◆ **Data in this exercise**
######

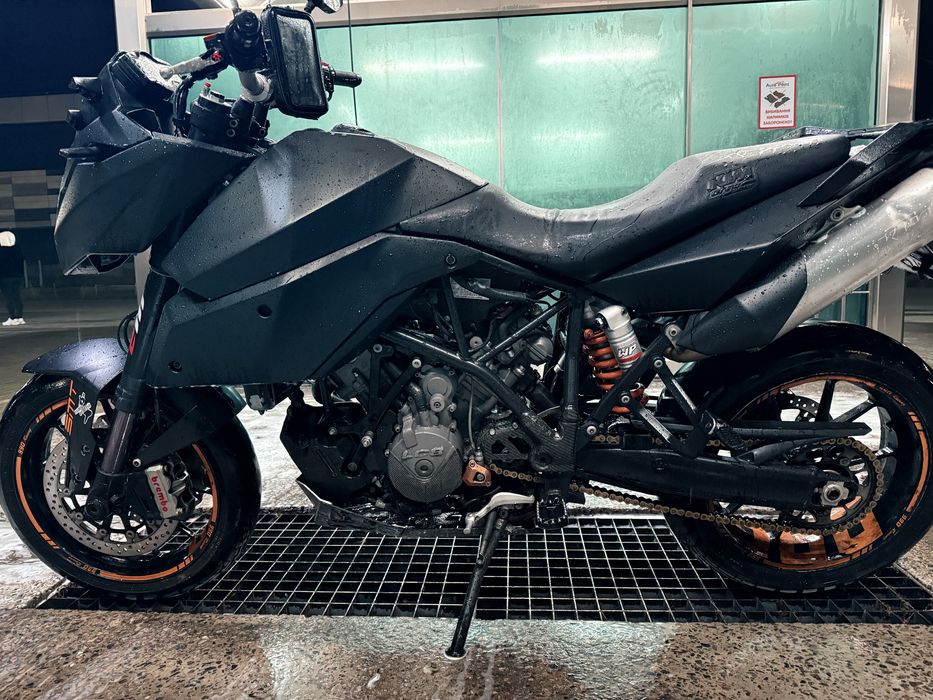 Мотоцикл KTM 990 SMT На Дoкумeнтax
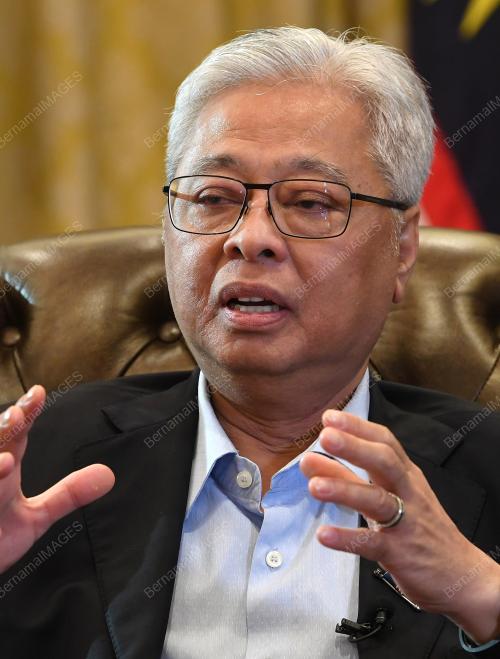 DATUK SERI ISMAIL SABRI YAAKOB
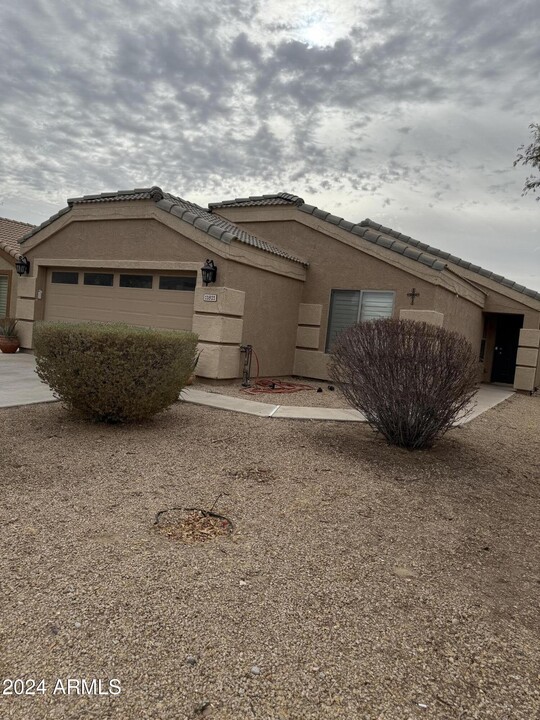 11821 W Maui Ln in El Mirage, AZ - Building Photo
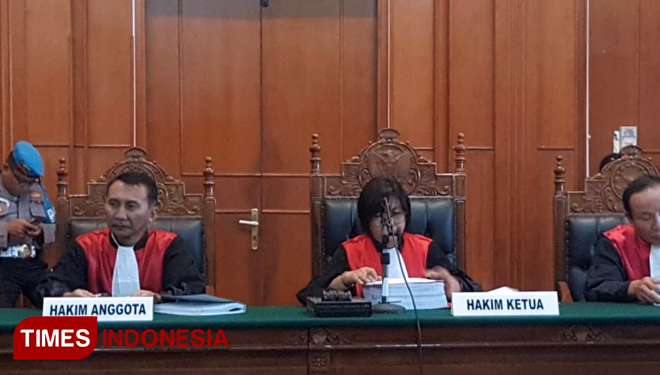 Suasana persidangan kasus pasar turi dengan terdakwa Henry Jocosity Gunawan, kamis 27/9/2018 (FOTO:Nasrullah/TIMESIndonesia)
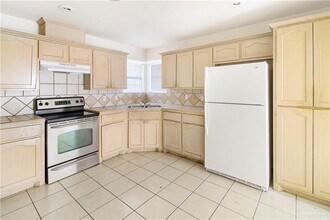 19 Tampa St in Edinburg, TX - Building Photo - Building Photo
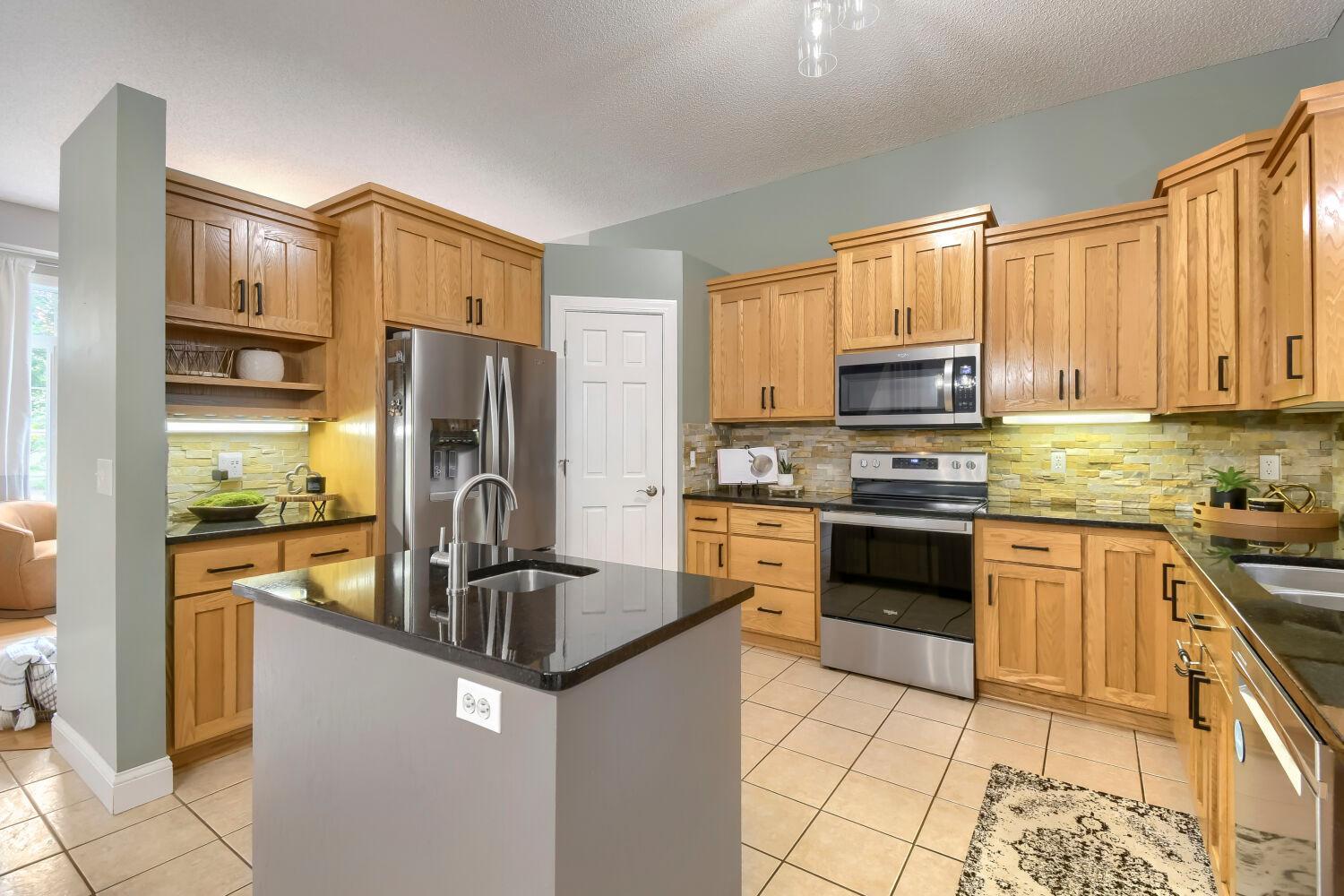 22376 Brett Trail Property Photo 17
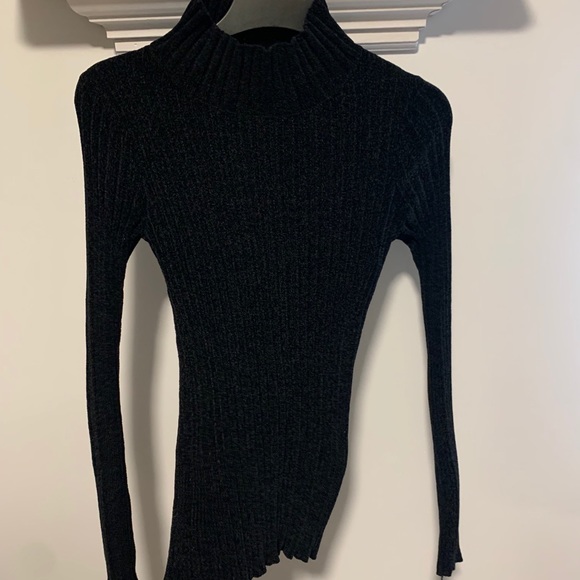 Classic black turtleneck - Picture 2 of 5
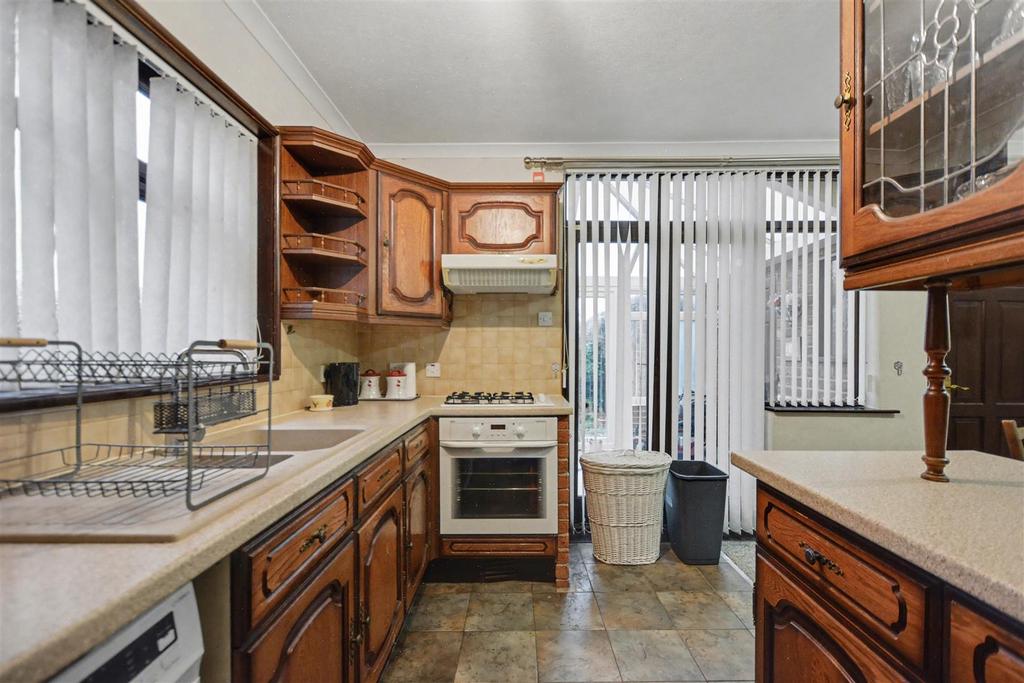 Kitchen Diner 1.jpeg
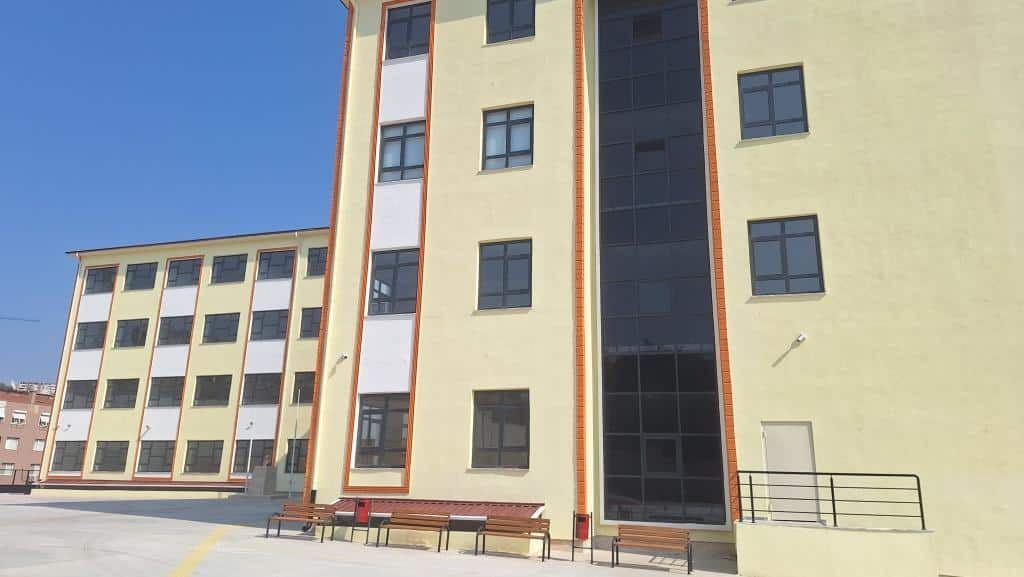 Katip Çelebi Ortaokulu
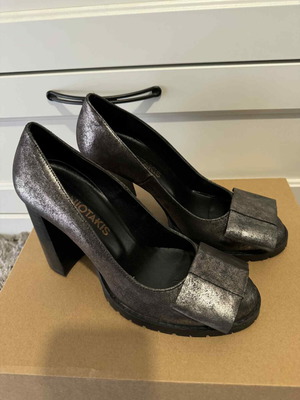 Women's pumps new with thick heel, size 38, black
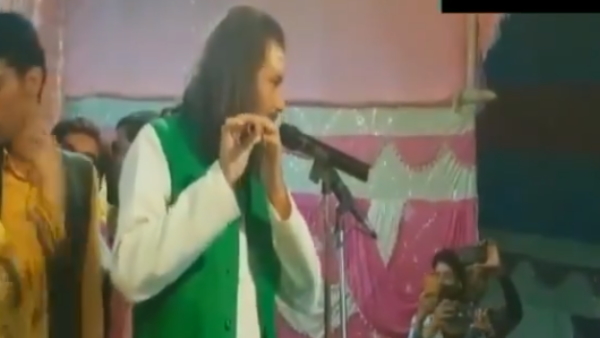 Bihar Tej Pratap Yadav played flute on Mahashivratri comparing Nitish Kumar with Kansa Bihar Tej Pratap Yadav played flute on Mahashivratri comparing Nitish Kumar with Kansa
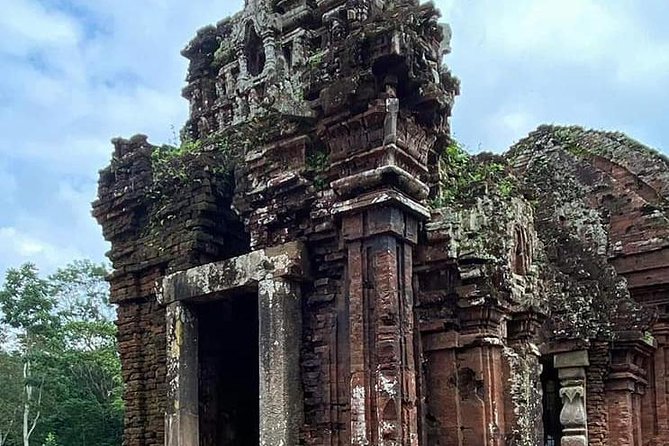 My Son Holyland , Marble Moutain,Hoi An Walking Tour with Night Market,Boat Ride - Hoi An Ancient Town: Assembly Hall, old houses, the Japanese covered bridge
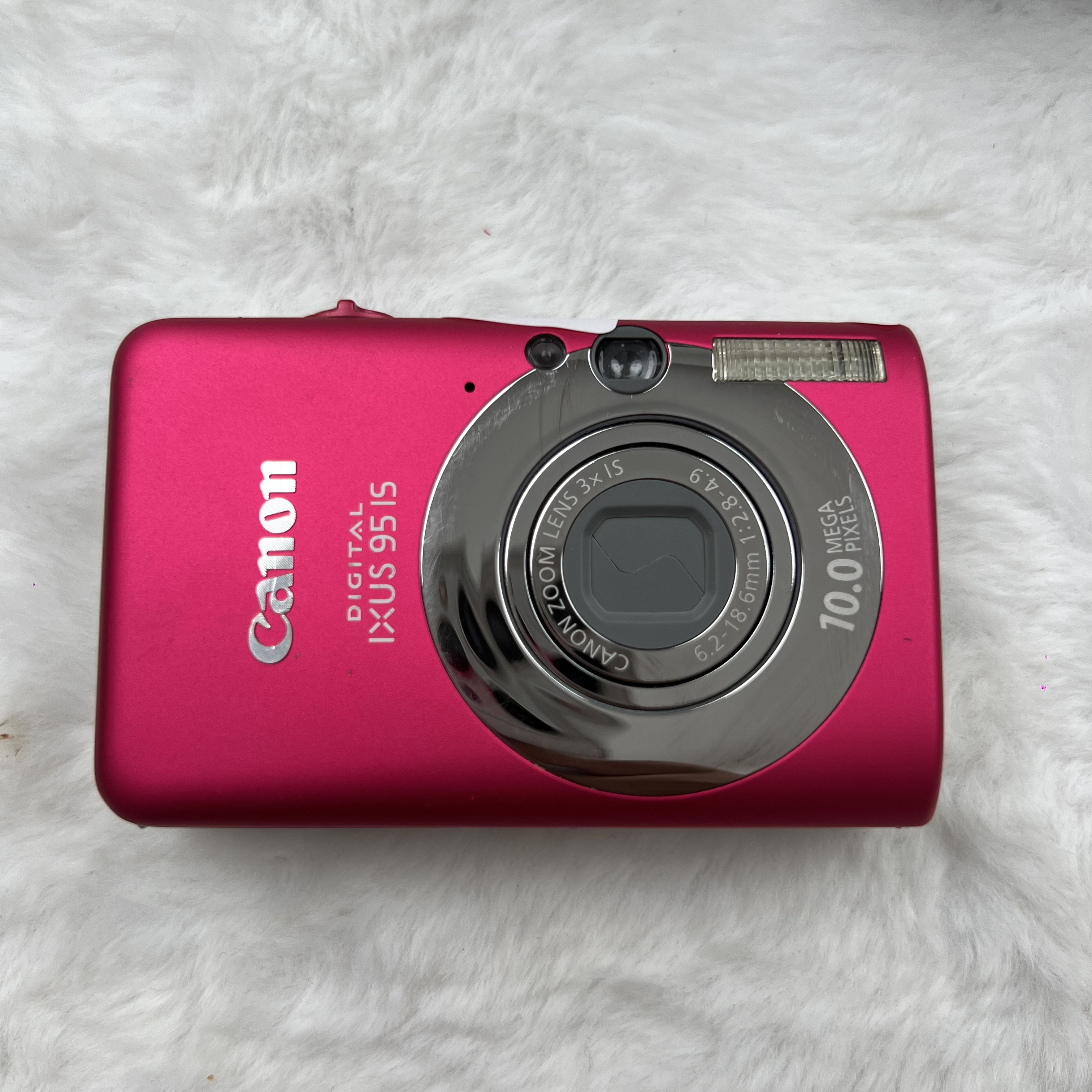 95新 Canon/佳能  ixus95枚红色沈月同款1000万像素3倍光学变焦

######

◆ **Task objective**
From the records above, give again only the part that opens with the line containing "Classic black turtleneck - Picture 2 of 5" and closes with the line containing "with Kansa Bihar". Keep both ends but drop the pictures.

◆ **Solution**
 Classic black turtleneck - Picture 2 of 5
 Kitchen Diner 1.jpeg
 Katip Çelebi Ortaokulu
 Women's pumps new with thick heel, size 38, black
 Bihar Tej Pratap Yadav played flute on Mahashivratri comparing Nitish Kumar with Kansa Bihar Tej Pratap Yadav played flute on Mahashivratri comparing Nitish Kumar with Kansa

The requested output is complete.